As Kathryn struggles with her grief, she descends into a maelstrom of publicity stirred up by the modern hunger for the details of tragedy. Even before the plane is located in waters off the Irish coast, the relentless focus on her husband's life begins to bring a bizarre personal mystery into focus. Could there be any truth to the increasingly disturbing rumors that he had a secret? Fighting the impulse to protect herself and her daughter from the details of the crash and the mystery surrounding it, Kathryn sets out to learn who her husband really was—whatever that knowledge may cost. The search will lead her to shocking revelations, testing both the truth of her marriage and the limits of her ability to face it.

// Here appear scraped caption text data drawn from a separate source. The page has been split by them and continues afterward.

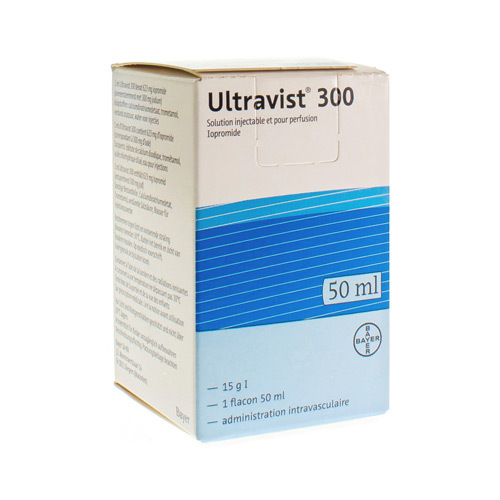 Ultravist 300, sol inj 300 mg , fl 50 ml (ancien)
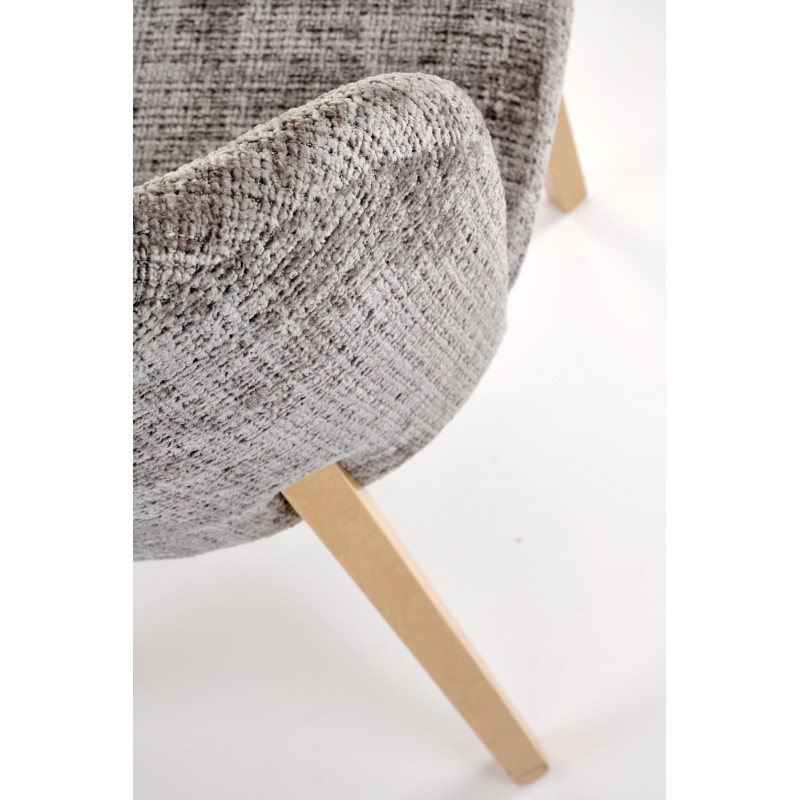 'BASSO Natural Oak Chair / Upholstery: CREMONA 96' 'BASSO Natural Oak Chair / Upholstery: CREMONA 96'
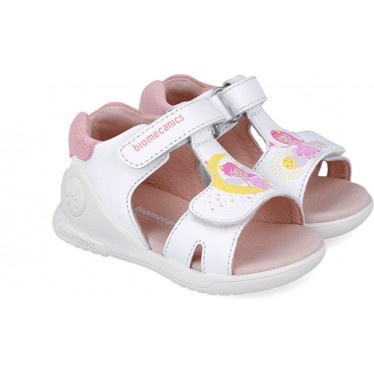 Sandalias para chica Biomecanics 252140 Twin Biogateo BLANCO
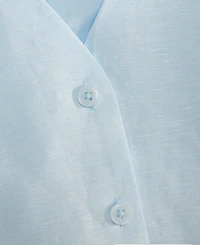 On 34th Women's Linen-Blend V-Neck Minidress, Macy's Exclusive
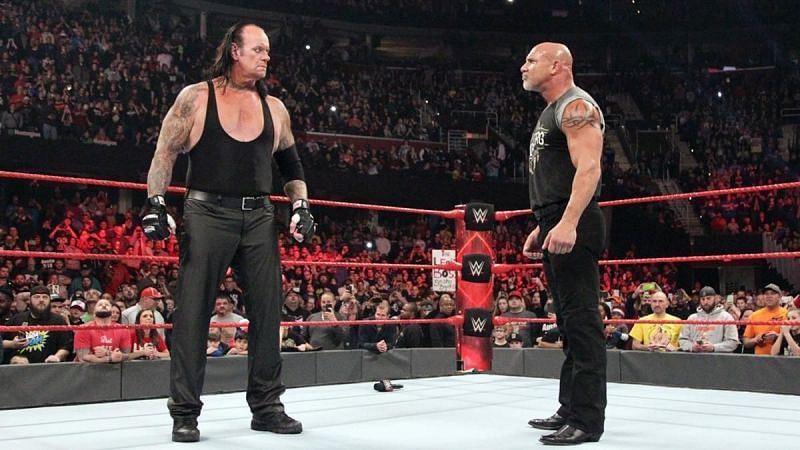 The Undertaker eliminated Goldberg from the 2017 Royal Rumble
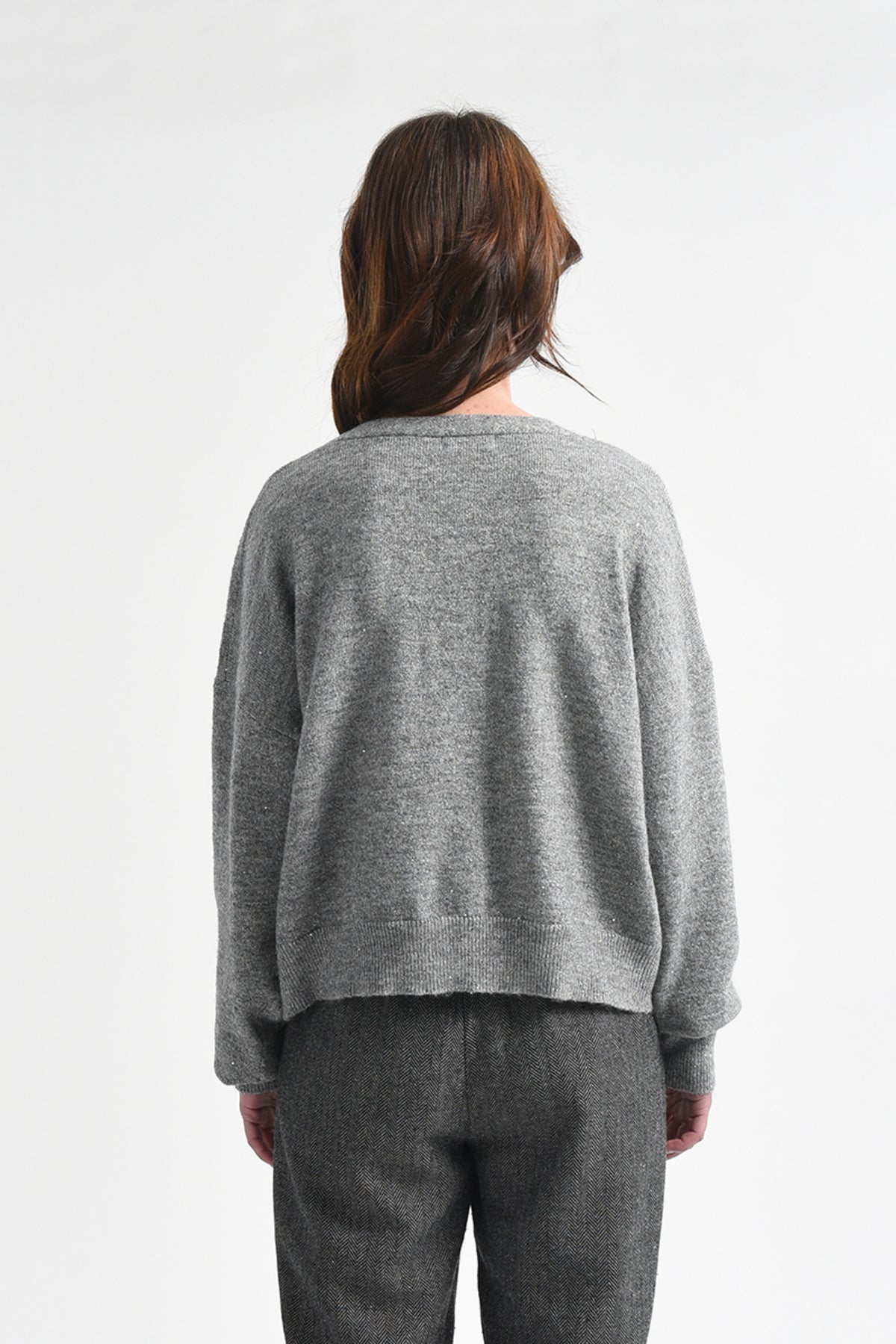 Molly Bracken Grey Knitted Cardigan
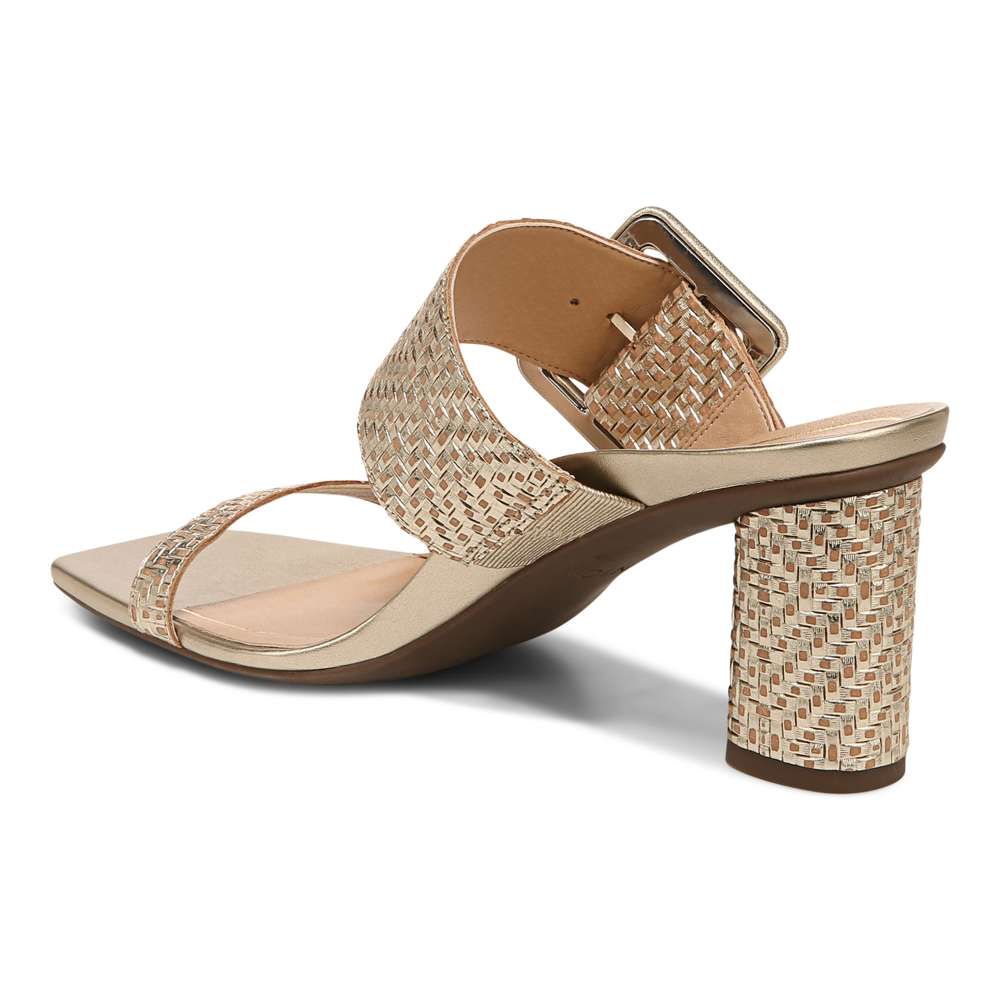 Brookell Heeled Sandal - Gold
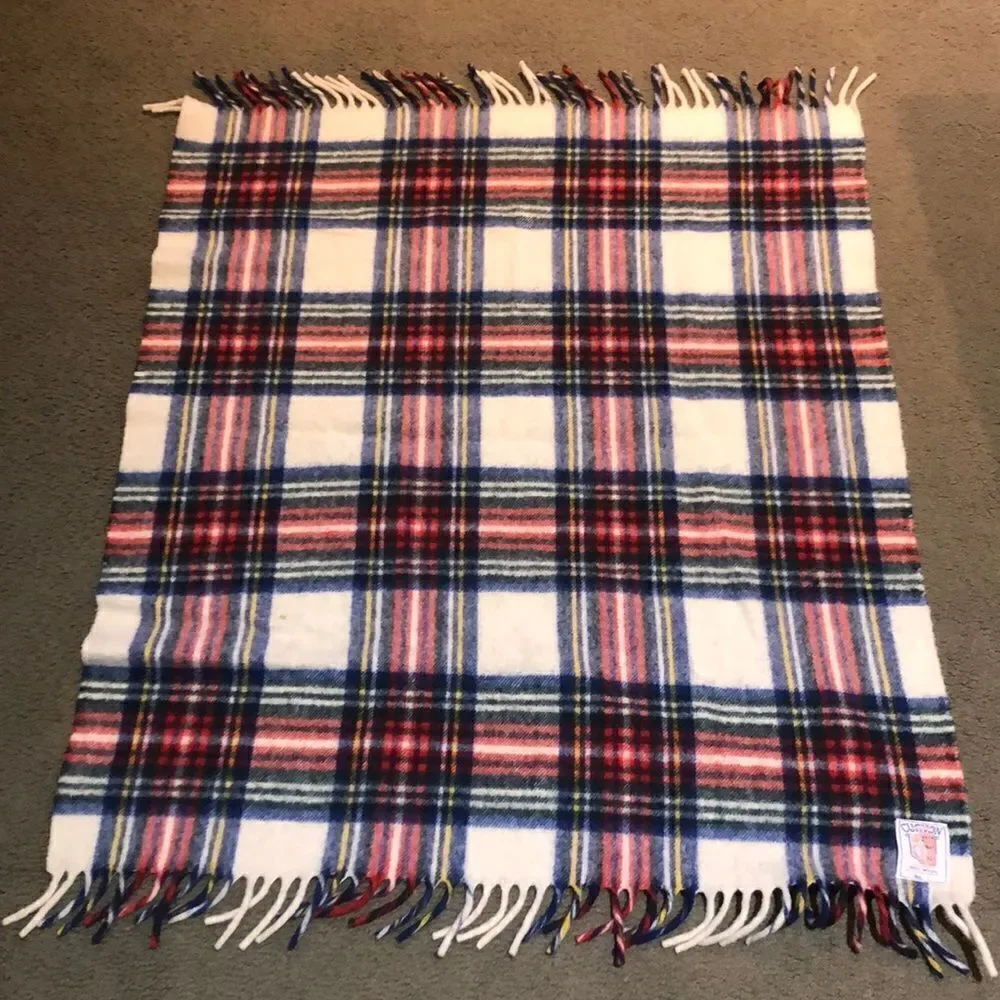Curvon Crown No. 1 Vtg Wool Lap Blanket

From the bestselling author of The Weight of Water, this taut, impassioned novel asks fundamental questions we all have about how well we can really know anyone—even those (or especially those) we love the most. Written with grace and controlled beauty, The Pilot's Wife definitively places Anita Shreve among the ranks of the best novelists writing today.
The emotions that Anita Shreve captured with her writing was amazing. I mean the character of Kathryn wasn't my favorite character nor was her daughter but man. The emotions. It was a heavy book and it touched on one of the worst moment's in a person's life, the death of a spouse/parent.
Jack, the pilot, seems like such a great guy. A family guy. But then snippets of the past seep in. A nugget here and there. And then you wonder, how can his wife say all the good things she is saying. And how could have had such a 'good' marriage when all of these secrets come tumbling out after his death?
It was a very quick read and I liked it. I felt very dark afterwards and I didn't want to write about it right away but days later the book is still with me. Definitely, one to check out, but not if you are looking for a light read.
Have you read any books by Anita Shreve? How well do you think you know the people in your life? Has a significant other ever kept something from you that shocked you when you found out?